L’accès au financement se fait à travers un fonds de subvention créé par Expertise France et par Kafalat, un fonds de garantie. Il cible essentiellement les petits emprunteurs qui ne sont pas forcément éligibles pour les prêts classiques et n’ont pas accès aux informations sur les possibilités de financement extérieur.


(Lire aussi : L’UE débloque via la BERD 50 millions d’euros de garanties pour les énergies renouvelables dans quatre pays, dont le Liban)

Nouvelles méthodes

Les résultats ont été « très importants », surtout dans le nord du pays, grâce à l’introduction de nouvelles techniques et de nouvelles méthodes de travail pour les participants, qu’ils soient agriculteurs ou charpentiers. Expertise France a aidé les agriculteurs, essentiellement les producteurs d’avocats, de raisin et de cerises. Ces agriculteurs produisent davantage, avec une meilleure qualité et peuvent vendre à un prix plus élevé. Même chose pour le secteur du meuble, qui a connu une hausse de la qualité et une plus grande coopération avec les professionnels du design et du marketing.

Concernant le financement, environ 600 propriétaires de PME et de micro-entreprises ont eu accès à des fonds. M. Vinuesa-Santamaria espère que l’expertise acquise par les agriculteurs va se répandre à d’autres filières de fruits et légumes. Les trois projets de ce programme – Agri-Békaa, Agri-Akkar et Agri-Wood – avaient trois besoins principaux.

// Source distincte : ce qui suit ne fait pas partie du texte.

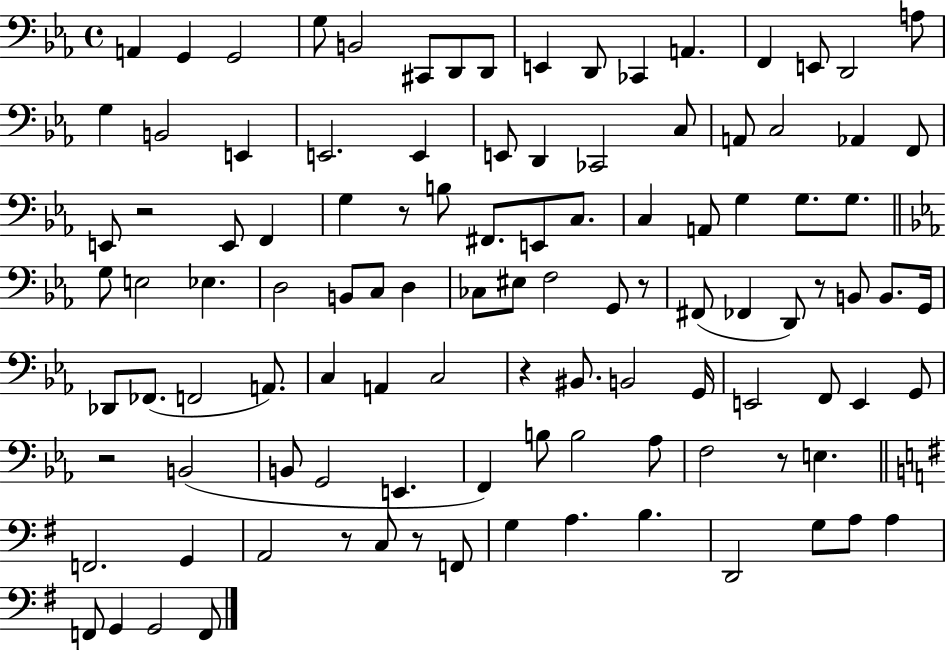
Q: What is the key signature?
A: EES major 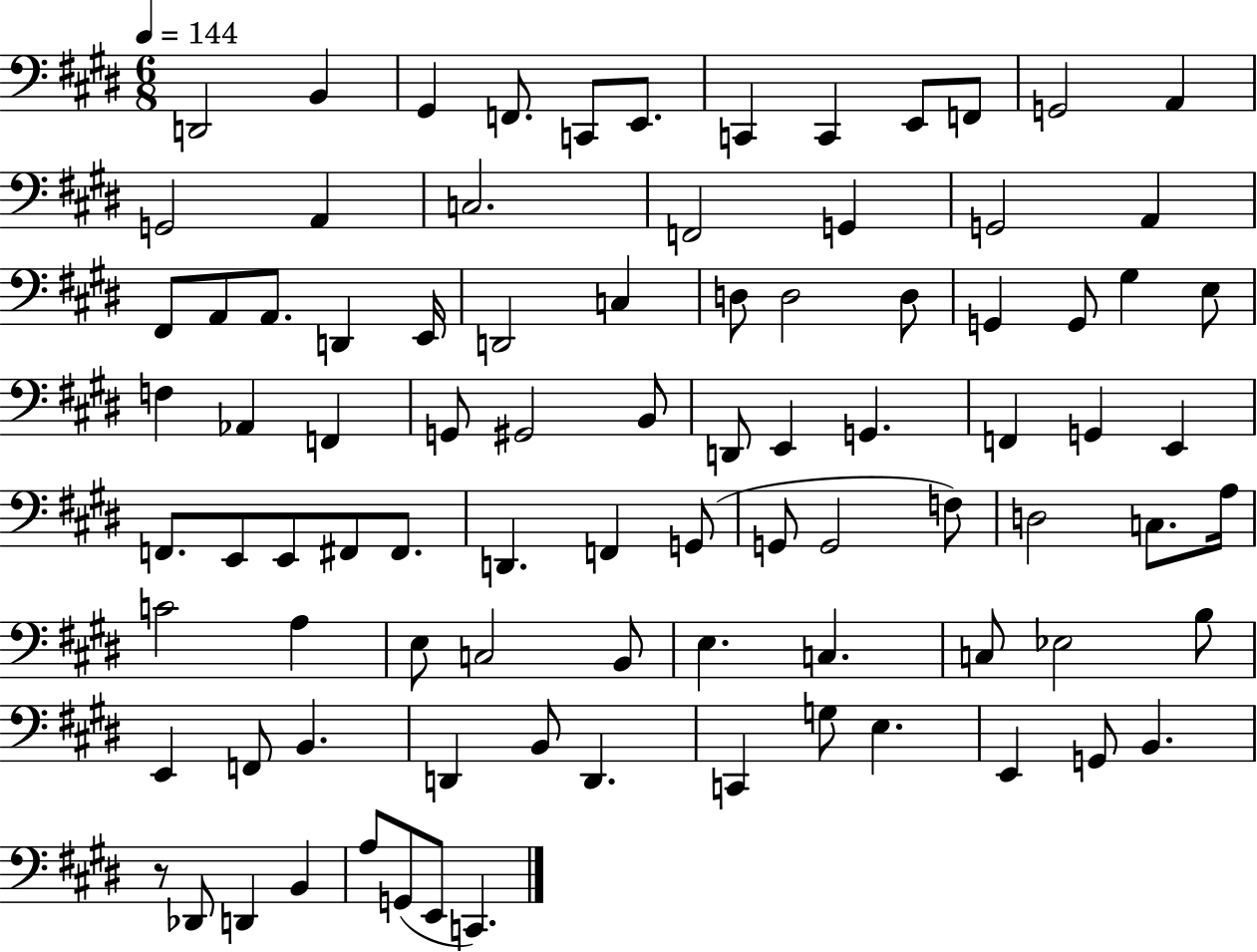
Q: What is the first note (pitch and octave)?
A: D2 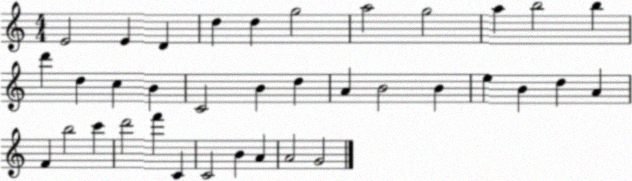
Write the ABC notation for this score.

X:1
T:Untitled
M:4/4
L:1/4
K:C
E2 E D d d g2 a2 g2 a b2 b d' d c B C2 B d A B2 B e B d A F b2 c' d'2 f' C C2 B A A2 G2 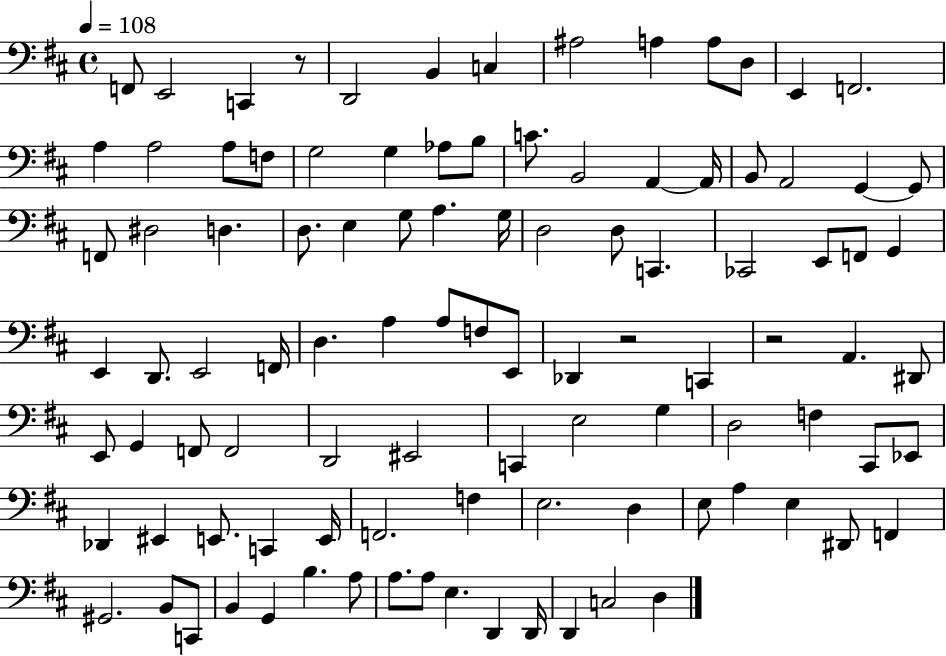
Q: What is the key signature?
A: D major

Tout d’abord, la collecte d’informations, comme par exemple les besoins du marché, les prix, la production des autres agriculteurs ou charpentiers... Des données accessibles plus facilement à travers des applications mobiles (Agvisor pour l’agriculture et Furniture Tripoli) ; la hausse de la qualité du produit, à travers des sessions de formation sur les normes internationales, de nouvelles techniques de production et l’achat de camions réfrigérés pour transporter la marchandise ; et enfin l’accès au marché grâce à une aide fournie pour le marketing, la création de marques de qualité qui permettent de connaître la provenance des produits (comme Merula pour les cerises à la Békaa et Minjara pour le bois à Tripoli), l’aide à l’exportation et la mise en relation directe avec des supermarchés, sans passer par des marchés de gros.

Par exemple, Expertise France a aidé dans la Békaa à la création de la marque Merula, le nom latin du merle (un oiseau) qui choisit les meilleurs fruits à picorer, et a réussi à produire 9,5 tonnes de cerises, dont la moitié a été exportée. Pour le raisin, les agriculteurs partenaires en ont produit 121 tonnes, dont 85 % ont été exportées dans les pays arabes et aux Pays-bas.

Agri-Wood a quant à lui mis en exergue Tripoli, qui était connue au Liban et dans le monde arabe pour la qualité de ses meubles mais a assisté à un déclin de son essor à partir des années 1990, à cause notamment du manque de soutien de l’État. Le projet a rassemblé environ 455 personnes, qui ont bénéficié de formations dans ce domaine, dont 18 % de femmes. Cette expertise se traduit par de nouvelles façons de produire et de la coopération avec le marketing.

Les équipes en charge du programme ainsi que les bénéficiaires ont insisté sur sa finalité : tout le monde doit pouvoir vivre dignement, et cela passe par le travail à travers des emplois stables et durables. « L’actualité démontre qu’il est nécessaire de poursuivre ces projets. Ce pays a plein de ressources qui sont sous-utilisées », ont-elles conclu.